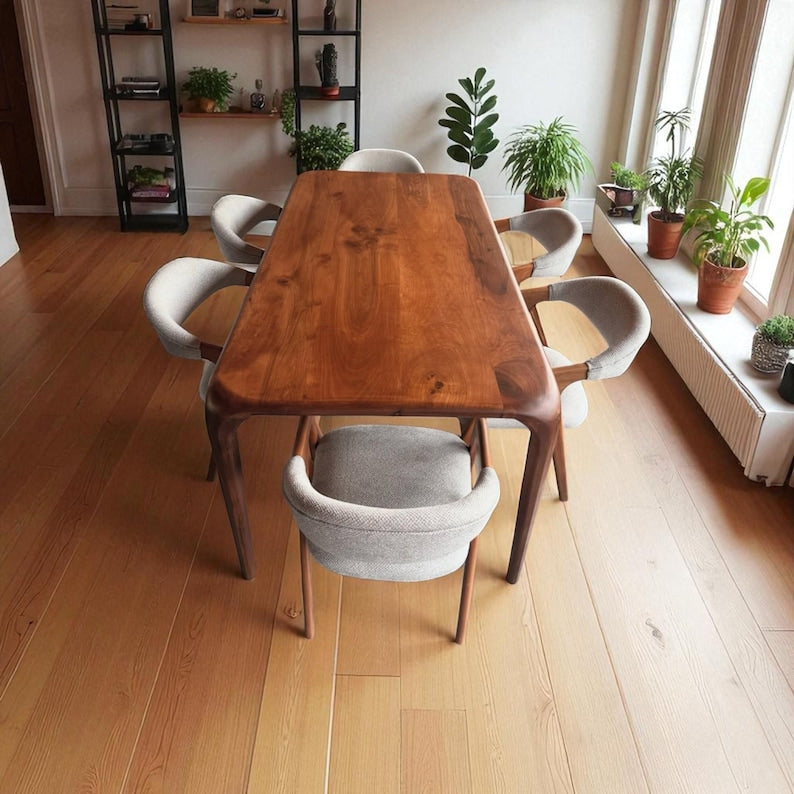 Handmade Solid Wood Dining Table: Oak, Walnut, Chestnut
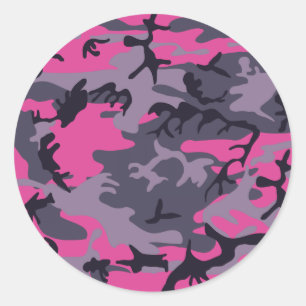 Pink camouflage design classic round sticker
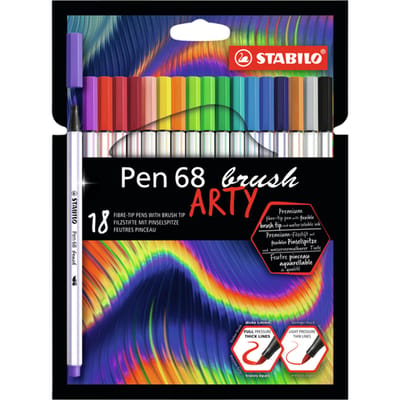 STABILO Pen 68 - Premium Brush Viltstift - Met Flexibele Penseelpunt - ARTY Etui Met 18 Verschillende Kleuren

_PROBLEM_: Print each line of the listing exactly and include no pictures.

_TASK RESPONSE_:
 Handmade Solid Wood Dining Table: Oak, Walnut, Chestnut
 Pink camouflage design classic round sticker
 STABILO Pen 68 - Premium Brush Viltstift - Met Flexibele Penseelpunt - ARTY Etui Met 18 Verschillende Kleuren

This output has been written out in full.